Serological testing for SARS-CoV-2 antibodies of employees shows low transmission working in a cancer center

PLoS One. 2022 Apr 12;17(4):e0266791. doi: 10.1371/journal.pone.0266791. eCollection 2022.


BACKGROUND: The COVID-19 pandemic led to emergency measures to continue patient care and research at a comprehensive cancer center while protecting both employees and patients. Determining exposure and infection rates with SARS-CoV-2 were important to adjust workplace policies over time.

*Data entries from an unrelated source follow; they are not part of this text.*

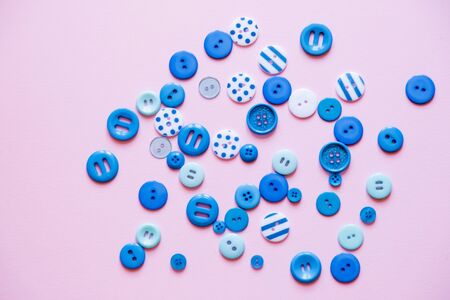 Flat lay with colorful sewing buttons, mock up, top view.の写真素材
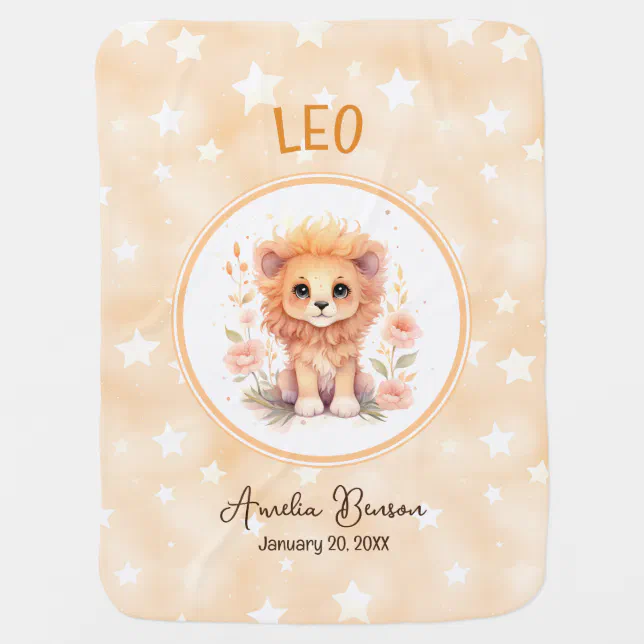 Cute Watercolor Illustration Leo Zodiac Name Baby Blanket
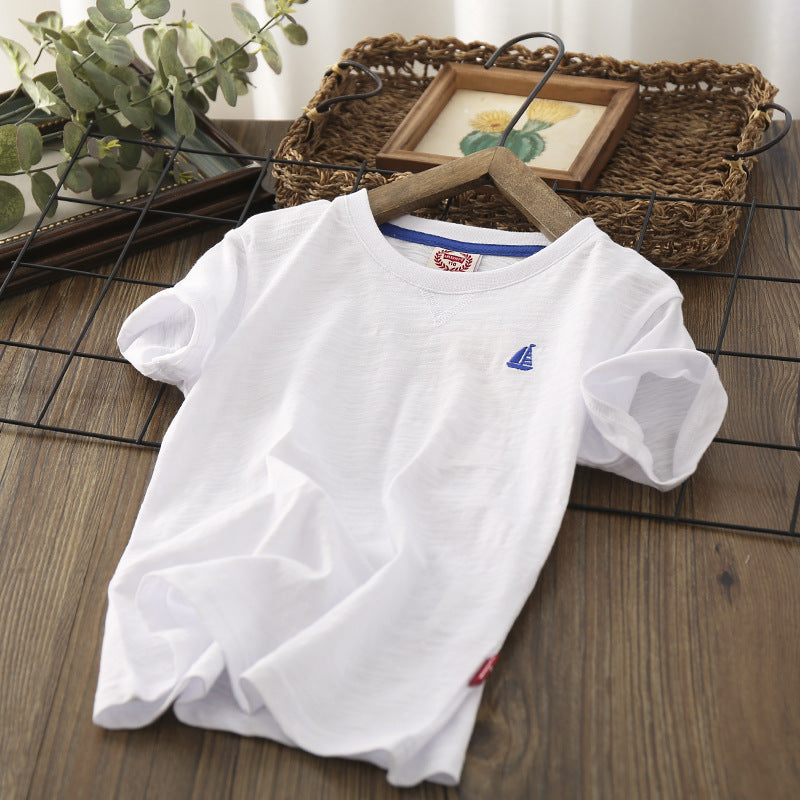 Fashion Simple Boy Half Sleeve Thin T-shirt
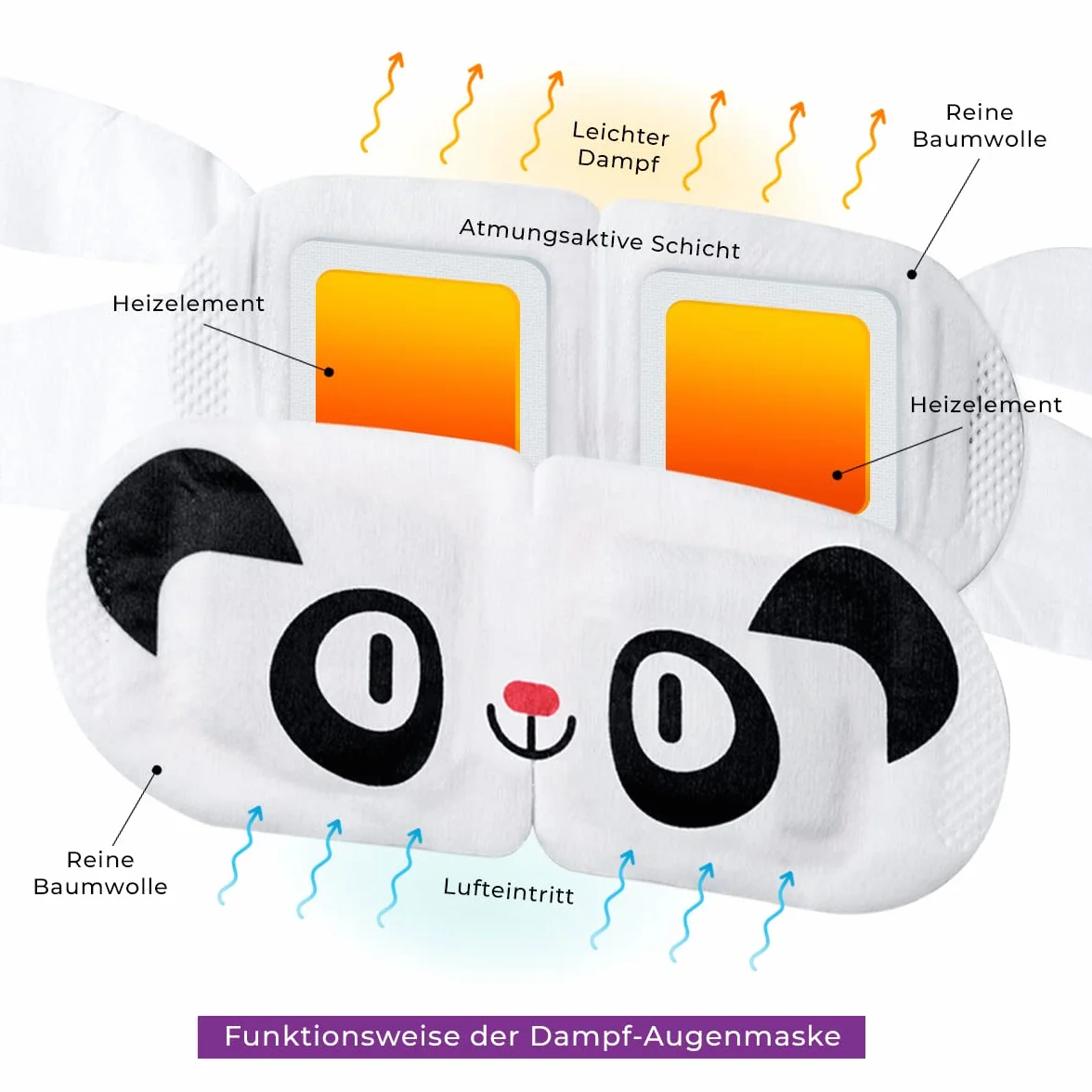 Chillife 6 maseczek na oczy o zapachu lawendy I rozgrzewająca maska na oczy do relaksu, spa, wellness, pomaga przy suchych, opuchniętych oczach i ciemnościach, maska na oczy ze wzorem panda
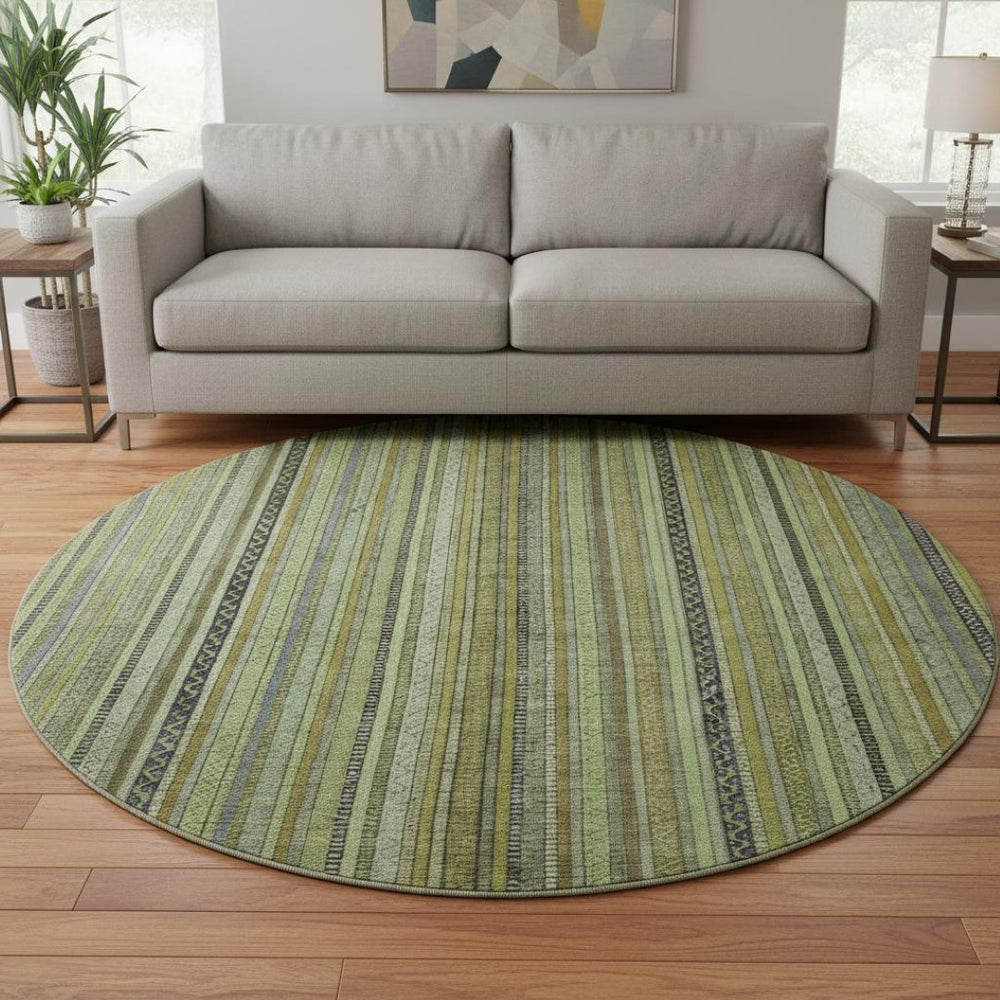 HomeRoots 8' Stylish Green, Gray & Gold Striped Washable Round Rug with UV Protection for High-Traffic Areas 696209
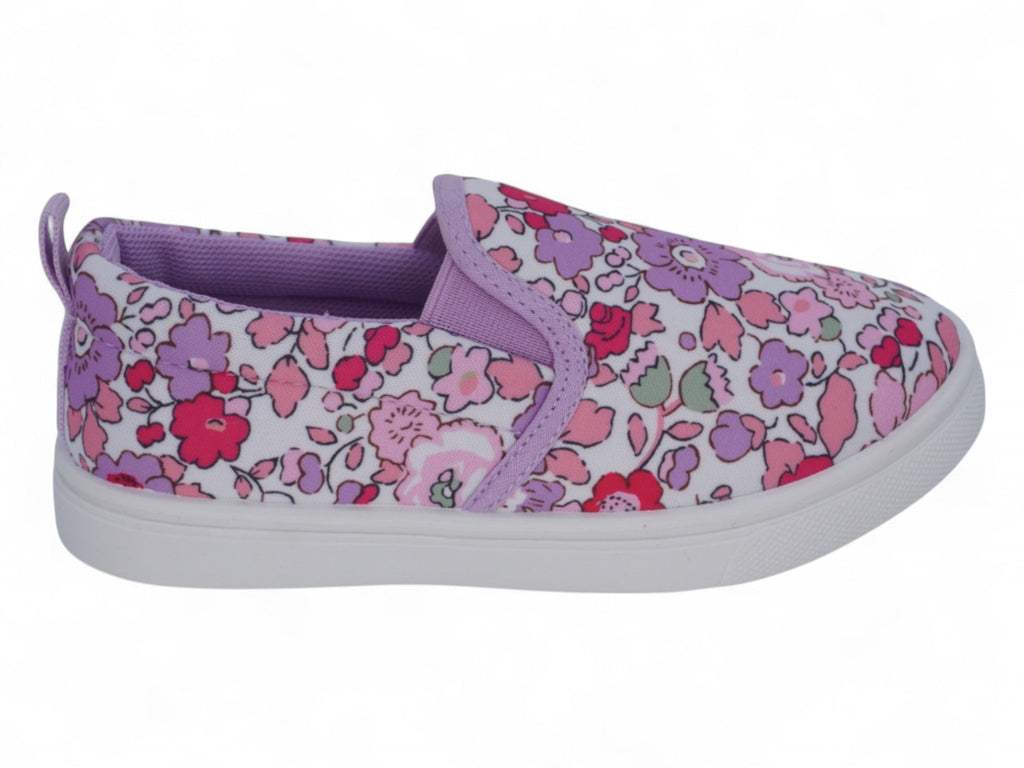 Girls` White Purple Multicolor Flower Slip On
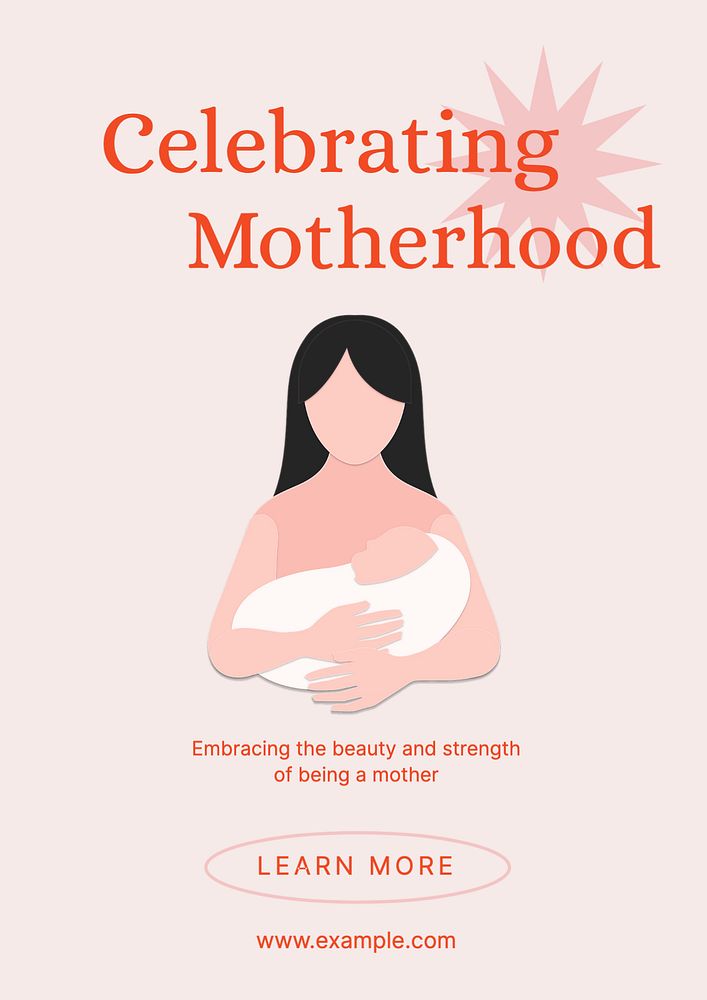 Celebrating motherhood poster template, editable text and design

METHODS: Dana-Farber Cancer Institute (DFCI) has over 7,000 employees. Participation was voluntary. After consent, participants completed questionnaire of demographics, exposures and risk factors for COVID-19 illness at each time point (baseline, 3, 6, and 12 months) along with blood draws for SARS-CoV-2 antibody testing. Primary measure was determination of titers of SARS-CoV-2 spike protein IgG over time.

RESULTS: In total, 745 employees enrolled from May 2020 to February 2021 (mean [SD] age, 40[14] years; 572[80%] women). From May to July 2020, 47 of 519 employees (9.2%, 95% confidence interval [CI] 6.7-12.0%) tested positive for SARS-CoV-2 spike protein IgG antibodies. Three months later, 40 of 428 employees had positive antibodies (8.5%, 95% CI 6.0-11.0%) with 17 newly positive. At month 6, 78.5% of participants reported having received at least one dose of vaccine and the positivity rate for those vaccinated was 98% (95% CI, 95-100%). Spike protein IgG titers for those vaccinated were 7.9 times higher than participants not vaccinated (median IgG titer = 0.28 for positive antibody but not vaccinated versus 2.2 for vaccinated) but demonstrate evidence of waning over time.

CONCLUSIONS: SARS-CoV-2 antibody positivity remained less than 10% at a single comprehensive cancer center prior to vaccination and there is evidence of waning IgG titers over time after vaccination.